Dürüstlük yoksa o ilişkinin temel taşlarından birisi eksik demektir. Çünkü dürüstlük, sevgi, saygı ve sadakat ilişkinin sarsılamaz zeminini oluşturur. Hoşlanmadığınız bir şeyi yaptığında bunu yutmayın, tatlı bir dille söyleyin. Ona karşı olan hisleriniz azalmışsa, belki geri gelir diye uzun uzun beklemeyin. Geri gelmeyebilir ve bir zamanlar sevdiğinizi söylediğiniz o kişi yalanı hak etmiyor. Bu yüzden bütün hissettiklerinizi anında söyleyin. İletişim kurmak önemlidir. "Ben kimseye anlatmam, kendim çözerim." demeyin, karşınızdakinin bir şeyleri bilmeye hakkı var. Gözünüzde o kadar değeri olmalı; yoksa da zaten o ilişkiyi devam ettirmeyin. Seviyorsanız anında söyleyin, sevmiyorsanız anında bitirin. Gıcık olmuşsanız da o anda söyleyin, çok mutlu olmuşsanız da. Siz konuşmadıkça o hep kafasında kuracaktır. Size ne kadar güvense de, ne kadar inansa da, insan mutlaka karşıdan görmek ya da duymak da ister. İstemiyorsa bunda bir sorun vardır.

Bir şey tatlı dille söylemek çok önemlidir. İğrenç bir şey yapmış olsanız bile tatlı dille söylerseniz affedilme olasılığınız çok ama çok yüksek!

Karşınızdaki size kör kütük aşıksa bile, "nasıl olsa affettiririm kendimi" diyerek aşağılık işlerle uğraşmayın. Kendinize hakim olun! Bu yaşa kadar gelmişseniz, zaten toplumsal deneyim ve bilgilerle irade edinmiş olmanız gerekir. Edinememişseniz, bir gün herkesin gözünde küçücük görünecek olmanız kaçınılmazdır.

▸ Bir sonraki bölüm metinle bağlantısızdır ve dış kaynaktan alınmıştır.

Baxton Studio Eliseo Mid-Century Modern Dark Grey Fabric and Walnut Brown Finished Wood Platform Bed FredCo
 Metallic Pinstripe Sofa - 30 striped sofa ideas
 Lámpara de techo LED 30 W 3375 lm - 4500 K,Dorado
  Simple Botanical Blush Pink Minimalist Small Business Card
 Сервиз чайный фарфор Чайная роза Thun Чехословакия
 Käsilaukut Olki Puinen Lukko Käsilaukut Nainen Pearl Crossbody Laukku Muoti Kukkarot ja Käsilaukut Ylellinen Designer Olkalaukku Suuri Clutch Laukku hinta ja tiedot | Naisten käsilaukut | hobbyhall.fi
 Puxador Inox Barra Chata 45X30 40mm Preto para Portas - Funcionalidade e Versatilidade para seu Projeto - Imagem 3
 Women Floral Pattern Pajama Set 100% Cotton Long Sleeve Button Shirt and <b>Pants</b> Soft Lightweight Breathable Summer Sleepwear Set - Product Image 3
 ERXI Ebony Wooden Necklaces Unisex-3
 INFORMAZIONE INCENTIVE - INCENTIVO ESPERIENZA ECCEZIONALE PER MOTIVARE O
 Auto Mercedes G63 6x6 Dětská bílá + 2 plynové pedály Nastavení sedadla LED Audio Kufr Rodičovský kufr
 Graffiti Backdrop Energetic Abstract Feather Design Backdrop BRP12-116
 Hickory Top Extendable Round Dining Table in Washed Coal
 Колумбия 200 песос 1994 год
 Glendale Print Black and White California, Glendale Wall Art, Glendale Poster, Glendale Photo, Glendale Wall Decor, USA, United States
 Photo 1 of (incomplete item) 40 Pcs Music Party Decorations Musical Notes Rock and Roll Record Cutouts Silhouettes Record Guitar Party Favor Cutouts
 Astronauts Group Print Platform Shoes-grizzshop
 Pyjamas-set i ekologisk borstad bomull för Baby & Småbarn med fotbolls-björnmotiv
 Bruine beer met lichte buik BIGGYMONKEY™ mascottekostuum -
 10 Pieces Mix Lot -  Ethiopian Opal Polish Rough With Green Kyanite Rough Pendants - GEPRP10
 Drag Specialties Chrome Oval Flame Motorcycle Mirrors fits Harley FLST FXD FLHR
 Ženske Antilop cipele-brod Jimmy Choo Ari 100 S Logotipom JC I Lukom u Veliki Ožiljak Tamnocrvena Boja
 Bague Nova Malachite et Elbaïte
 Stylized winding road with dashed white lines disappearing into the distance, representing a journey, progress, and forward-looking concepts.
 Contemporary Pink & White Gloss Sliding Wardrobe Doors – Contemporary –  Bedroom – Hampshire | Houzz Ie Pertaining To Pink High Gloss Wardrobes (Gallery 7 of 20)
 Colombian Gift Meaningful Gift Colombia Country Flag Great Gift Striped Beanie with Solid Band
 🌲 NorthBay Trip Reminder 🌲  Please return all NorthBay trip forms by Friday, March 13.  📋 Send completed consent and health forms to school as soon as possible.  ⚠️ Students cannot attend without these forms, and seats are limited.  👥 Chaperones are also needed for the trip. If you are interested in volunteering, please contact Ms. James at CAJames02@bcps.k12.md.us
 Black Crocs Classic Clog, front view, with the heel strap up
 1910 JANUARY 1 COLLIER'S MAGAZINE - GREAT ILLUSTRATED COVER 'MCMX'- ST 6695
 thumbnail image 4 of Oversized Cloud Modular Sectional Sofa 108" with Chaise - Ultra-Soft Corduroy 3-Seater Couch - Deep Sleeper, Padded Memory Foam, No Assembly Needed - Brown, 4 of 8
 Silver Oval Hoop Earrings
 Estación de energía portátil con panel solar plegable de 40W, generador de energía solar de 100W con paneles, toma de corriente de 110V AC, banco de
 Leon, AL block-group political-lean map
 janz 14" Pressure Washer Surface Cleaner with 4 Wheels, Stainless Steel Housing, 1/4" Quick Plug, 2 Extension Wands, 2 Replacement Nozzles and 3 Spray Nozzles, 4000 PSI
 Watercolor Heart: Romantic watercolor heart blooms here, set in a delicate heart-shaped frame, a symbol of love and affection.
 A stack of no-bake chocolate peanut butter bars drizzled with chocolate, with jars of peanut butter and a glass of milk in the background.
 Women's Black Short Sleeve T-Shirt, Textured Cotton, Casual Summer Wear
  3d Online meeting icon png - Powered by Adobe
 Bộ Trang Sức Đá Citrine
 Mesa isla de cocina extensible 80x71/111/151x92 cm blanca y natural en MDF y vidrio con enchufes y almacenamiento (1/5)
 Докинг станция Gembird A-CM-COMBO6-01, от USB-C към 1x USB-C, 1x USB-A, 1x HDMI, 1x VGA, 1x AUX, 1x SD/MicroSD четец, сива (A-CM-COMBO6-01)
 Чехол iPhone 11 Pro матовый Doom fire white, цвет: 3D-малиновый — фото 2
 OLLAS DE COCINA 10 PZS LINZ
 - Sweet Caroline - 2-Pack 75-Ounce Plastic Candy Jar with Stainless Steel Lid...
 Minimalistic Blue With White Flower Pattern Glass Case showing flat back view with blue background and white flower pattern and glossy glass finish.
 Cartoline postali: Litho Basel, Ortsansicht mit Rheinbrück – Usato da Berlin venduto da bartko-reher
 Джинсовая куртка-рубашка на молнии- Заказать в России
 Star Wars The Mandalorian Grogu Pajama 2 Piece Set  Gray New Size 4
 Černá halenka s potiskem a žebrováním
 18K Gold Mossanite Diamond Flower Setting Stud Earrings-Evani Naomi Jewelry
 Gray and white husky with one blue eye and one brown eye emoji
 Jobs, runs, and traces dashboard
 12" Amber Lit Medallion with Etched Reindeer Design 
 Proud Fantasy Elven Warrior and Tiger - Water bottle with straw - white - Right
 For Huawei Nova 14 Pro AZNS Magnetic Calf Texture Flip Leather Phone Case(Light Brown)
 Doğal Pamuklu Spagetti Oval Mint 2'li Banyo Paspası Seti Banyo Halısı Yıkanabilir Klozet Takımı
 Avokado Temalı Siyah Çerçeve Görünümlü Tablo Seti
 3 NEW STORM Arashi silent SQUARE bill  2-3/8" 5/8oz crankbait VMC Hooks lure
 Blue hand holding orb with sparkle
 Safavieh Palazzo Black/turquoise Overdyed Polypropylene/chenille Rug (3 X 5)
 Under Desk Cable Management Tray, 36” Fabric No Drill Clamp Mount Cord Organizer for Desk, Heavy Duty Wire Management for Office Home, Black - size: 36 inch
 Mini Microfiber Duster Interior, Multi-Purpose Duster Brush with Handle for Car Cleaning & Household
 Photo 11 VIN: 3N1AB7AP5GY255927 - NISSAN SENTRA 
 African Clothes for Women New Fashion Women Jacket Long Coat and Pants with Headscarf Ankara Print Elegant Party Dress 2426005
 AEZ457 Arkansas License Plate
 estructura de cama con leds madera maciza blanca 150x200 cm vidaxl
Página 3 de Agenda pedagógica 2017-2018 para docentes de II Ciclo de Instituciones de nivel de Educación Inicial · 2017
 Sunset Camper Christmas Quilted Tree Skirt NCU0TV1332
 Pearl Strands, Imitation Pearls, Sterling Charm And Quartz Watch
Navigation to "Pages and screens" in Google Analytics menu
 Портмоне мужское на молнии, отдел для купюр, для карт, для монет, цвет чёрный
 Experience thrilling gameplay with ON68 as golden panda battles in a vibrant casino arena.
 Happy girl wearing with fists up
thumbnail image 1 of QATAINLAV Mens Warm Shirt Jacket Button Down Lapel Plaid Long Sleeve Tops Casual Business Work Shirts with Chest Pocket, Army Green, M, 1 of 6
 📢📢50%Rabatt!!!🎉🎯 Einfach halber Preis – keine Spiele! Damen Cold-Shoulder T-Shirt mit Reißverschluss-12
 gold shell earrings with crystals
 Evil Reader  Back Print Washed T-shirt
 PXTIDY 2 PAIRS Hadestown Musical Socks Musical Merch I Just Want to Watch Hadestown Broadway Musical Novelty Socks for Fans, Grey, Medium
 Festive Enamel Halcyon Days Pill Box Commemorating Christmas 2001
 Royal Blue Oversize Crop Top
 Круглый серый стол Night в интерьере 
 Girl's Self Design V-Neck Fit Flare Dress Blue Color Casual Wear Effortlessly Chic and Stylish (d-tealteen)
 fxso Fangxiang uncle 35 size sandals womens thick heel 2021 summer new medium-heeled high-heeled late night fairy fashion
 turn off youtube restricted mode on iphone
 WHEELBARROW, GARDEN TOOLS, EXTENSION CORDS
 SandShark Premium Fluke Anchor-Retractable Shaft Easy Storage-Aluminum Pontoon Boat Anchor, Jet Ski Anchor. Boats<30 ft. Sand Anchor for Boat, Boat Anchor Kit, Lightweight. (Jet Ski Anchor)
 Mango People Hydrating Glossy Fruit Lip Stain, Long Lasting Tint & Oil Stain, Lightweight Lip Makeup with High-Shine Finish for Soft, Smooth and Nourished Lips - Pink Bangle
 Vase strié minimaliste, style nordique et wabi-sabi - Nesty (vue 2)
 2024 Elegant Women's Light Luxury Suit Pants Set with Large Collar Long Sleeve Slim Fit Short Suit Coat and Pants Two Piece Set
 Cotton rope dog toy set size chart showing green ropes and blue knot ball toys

Bir şeyleri yarım ağızla anlatmayın. Karşınızdakinin sizi yanlış anlamasını istemiyorsanız her şeyi açık açık, tane tane ve hiçbir şeyi atlamadan anlatın.

Nazınız geçiyor diye, başka kişilerle yaşadığınız olumsuz durumların etkisini sevdiğiniz kişiye getirmeyin. Patronunuz size bir şeyleri emrediyor diye siz de sevgilinize emredip kendinizce acısını çıkarmaya çalışmayın. Kolunuz, bacağınız, ağzınız ve aklınız varsa kendiniz yapın; o sizin anneniz değil, her şeyi sorgusuz sualsiz yapmayacaktır. Anne ile sevgiliyi karıştırmayın.

İlgi göstermekten çekinmeyin ve ilgi göstermeyi unutmayın. Bir başka işle ya da kişiyle uğraşırken kalbinizdeki kişiyi unutmayın; tabii eğer ilişkiyi soğutmak istemiyorsanız.

Bu yarattığınız tartışmalar küçük şeyler. İlişkinin tuzu biberi belki de. Hatta ilişkiyi rutin olmaktan da çıkarabilir. Ama son ana kadar da tersinizi kesinlikle göstermeyin, sonra patlarsınız ve geriye sadece külleriniz kalır.